> _Prompt_: Take every line from the records below that includes the word "Christmas".

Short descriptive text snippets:
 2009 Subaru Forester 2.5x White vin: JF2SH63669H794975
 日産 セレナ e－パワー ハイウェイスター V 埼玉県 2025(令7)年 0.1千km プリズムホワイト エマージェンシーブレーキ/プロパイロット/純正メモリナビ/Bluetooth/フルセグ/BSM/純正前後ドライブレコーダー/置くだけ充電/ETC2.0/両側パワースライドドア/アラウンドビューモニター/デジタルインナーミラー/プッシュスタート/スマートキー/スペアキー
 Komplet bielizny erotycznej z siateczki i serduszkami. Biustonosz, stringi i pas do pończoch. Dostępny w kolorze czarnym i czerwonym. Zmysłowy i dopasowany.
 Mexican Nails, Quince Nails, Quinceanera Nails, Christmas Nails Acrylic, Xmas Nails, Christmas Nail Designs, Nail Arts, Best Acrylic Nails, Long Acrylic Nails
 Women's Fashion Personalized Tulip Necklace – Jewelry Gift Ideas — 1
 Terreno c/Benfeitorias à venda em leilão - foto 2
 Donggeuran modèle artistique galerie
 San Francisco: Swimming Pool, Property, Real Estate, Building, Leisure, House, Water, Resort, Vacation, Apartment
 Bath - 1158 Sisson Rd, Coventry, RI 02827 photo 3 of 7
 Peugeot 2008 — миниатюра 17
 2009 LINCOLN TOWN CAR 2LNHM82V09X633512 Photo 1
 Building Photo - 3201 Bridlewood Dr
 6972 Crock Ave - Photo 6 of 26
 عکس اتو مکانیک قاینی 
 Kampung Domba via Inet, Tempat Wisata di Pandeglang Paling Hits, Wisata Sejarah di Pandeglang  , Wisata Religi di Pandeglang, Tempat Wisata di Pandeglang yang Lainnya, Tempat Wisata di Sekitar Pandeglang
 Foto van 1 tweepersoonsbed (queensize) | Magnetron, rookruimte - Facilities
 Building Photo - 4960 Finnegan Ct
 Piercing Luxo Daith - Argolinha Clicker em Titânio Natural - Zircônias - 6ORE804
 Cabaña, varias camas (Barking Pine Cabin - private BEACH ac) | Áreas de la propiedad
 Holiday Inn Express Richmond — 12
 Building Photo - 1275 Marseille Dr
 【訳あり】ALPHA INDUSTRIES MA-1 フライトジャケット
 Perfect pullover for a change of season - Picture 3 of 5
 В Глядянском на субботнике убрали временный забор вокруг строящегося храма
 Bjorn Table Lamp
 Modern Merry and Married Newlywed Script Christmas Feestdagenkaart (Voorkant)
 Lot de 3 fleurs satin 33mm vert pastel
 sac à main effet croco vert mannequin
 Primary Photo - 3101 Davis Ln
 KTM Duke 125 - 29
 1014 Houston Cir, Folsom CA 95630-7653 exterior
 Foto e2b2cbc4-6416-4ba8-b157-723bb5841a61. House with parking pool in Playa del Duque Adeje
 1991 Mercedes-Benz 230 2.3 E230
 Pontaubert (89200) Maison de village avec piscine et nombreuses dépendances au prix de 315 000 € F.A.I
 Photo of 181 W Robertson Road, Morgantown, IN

> _Response to this exercise_:
 Mexican Nails, Quince Nails, Quinceanera Nails, Christmas Nails Acrylic, Xmas Nails, Christmas Nail Designs, Nail Arts, Best Acrylic Nails, Long Acrylic Nails
 Modern Merry and Married Newlywed Script Christmas Feestdagenkaart (Voorkant)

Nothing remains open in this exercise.